Now, I eat there every day so naturally I know all the waitresses as if they are my sisters. Of course, they all just love me. Any unmarried hetero with a regular income is put on the A list by all these country girls. Plus... I'm one of those guys who radiates something that says "You girls shouldn't be afraid of this guy." Anyhow, I've had a few very nice offers this summer... taken a few of them, too... but mostly I've tried to stick to my writing regimen. I'm proud of myself. I guess what I'm saying is that I have gleaned more information from listening to these waitresses chatter this summer than I normally would. For instance...
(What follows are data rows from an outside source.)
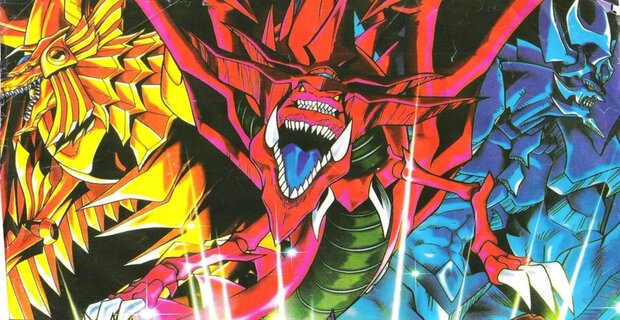 TẤT CẢ BÀI THẦN TRONG YUGIOH ( phần 1 )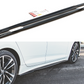 Maxton Design AU-S5-2F-SD1T Side Skirts Diffusers Audi S5 / A5 S-Line Sportback F5 Facelift | Duco Car Parts UK Car Parts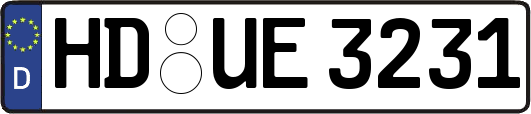 HD-UE3231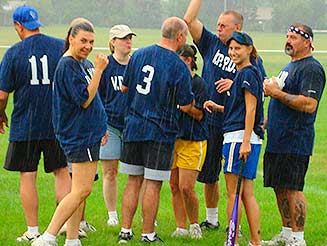 Villa Park Police Department Team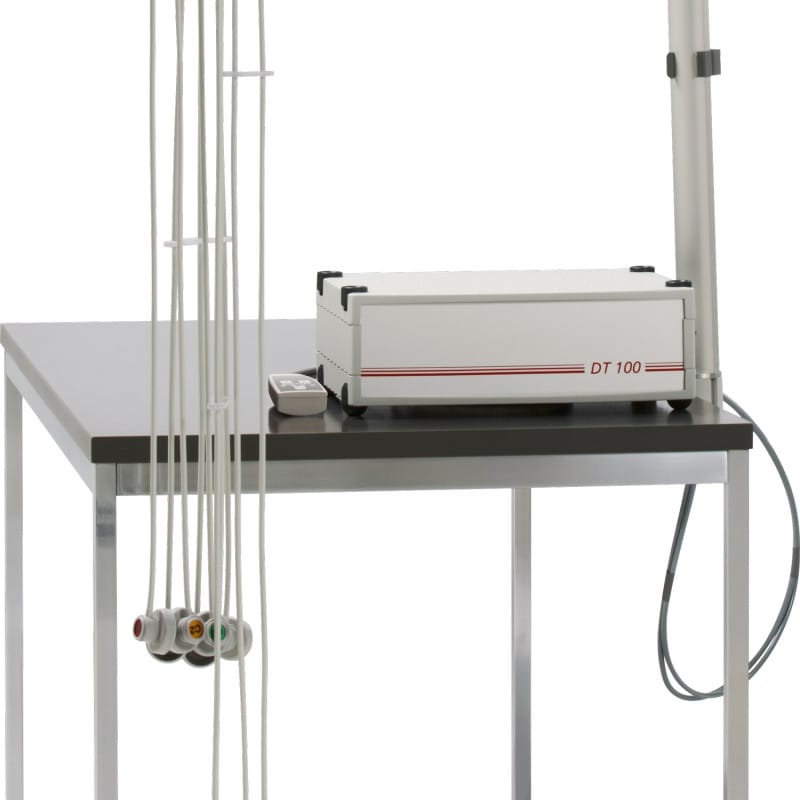 Strässle DT 100 T with trolley I | without battery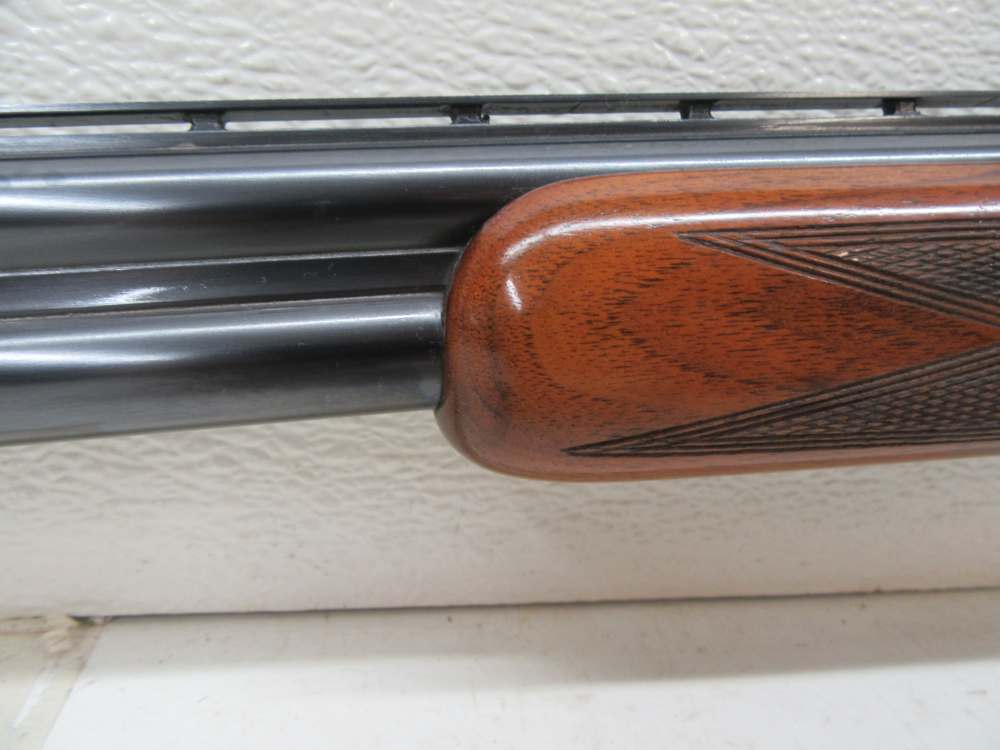 Browning superposed 20GA! Made in Belgium! MFG 1956!-img-9
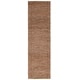 preview thumbnail 16 of 14, SAFAVIEH Handmade Ivory Jute Area Rug 2'3" x 8' Runner - Natural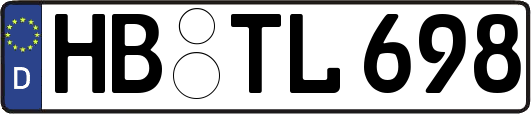HB-TL698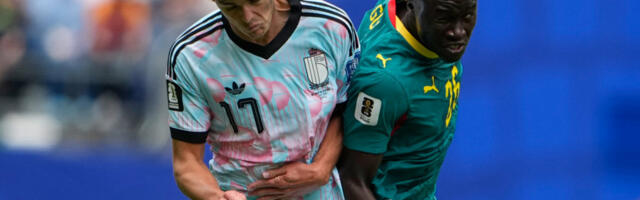 NEVIĐENA PLJAČKA NA MUNDIJALU! Sudije upropastile Senegal - pazite samo ovu odluku dva minuta pre ludog preokreta Belgije! (FOTO)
A girl asked for my advice about wet nursing. When was the last time you've had a relative stranger ask you about that? Anyhow, this customer had a baby a few days ago and it seems that she can't breast feed her new kid because she has mercury in her milk. She wanted to breast feed cause it's supposed to be better, but her milk is no good. This gal who works there at Woodies just had a baby a few weeks ago and she went to high school with the gal who is looking for a wet nurse. My only suggestion was to ask for something in writing and then to have her own milk tested. My waitress friend went and got the needy new mom and the three of us sat down and talked it over. They managed to work it all out and all it cost me was three servings of bannana pudding. What a guy.
The whole deal put me into old-guy mode big time. See... when I was born I had a wet nurse... Miz Bertha, who was my grandmother's housekeeper for about a hundred years. My mother surely didn't have mercury milk, but my masterful grandmother was convinced that she was not "robust" enough for yeoman style milking. Too ladylike, I guess. Anyhow, Mama Bertha was my wetnurse and wiped my nose and spanked my behind if she thought I needed it for my whole life. I recall my mother talking to Bertha's youngest granddaughter about the care and handling of those two frail, elderly women once when I had come home from the service. Bertha would get up early and walk to my grandmother's house. She would clean up the spotless kitchen, make two cups of tea and make some dry toast... wheat toast made from home cut bread so thin that if it would burn if you weren't real careful. Mama was afraid that it was too far for Bertha to walk and wanted to get her a car to drive, but Bertha wouldn't hear of it. She scolded my mother the same was she scolded that snot nosed little kid that she used to wetnurse. Those old women would sit in that kitchen all day talking about grandchildren and them damned Roosevelt democrats and the price of watermelons and God knows what else.
Bertha's family was real important to my grandfather. He paid all four of those kids way through college and now two of them are teachers, one of them is a doctor, and the fourth is an AME preacher running a big church down in south Florida.
When my grandmother died I found Bertha cleaning my grandmother's kitchen the day of the funeral. She had done all the usual morning chores and was sitting at the kitchen table sipping tea and nibbling a piece of wheat bread dry toast. I sat with her and we talked about the old days. She had outlived all the rest of the women in my family. She was the last.
"She never was real strong, you know."
That old lady died herself a month later.
I don't think that we have those kind of loving caregivers in our lives any more... and we're impoverished by that.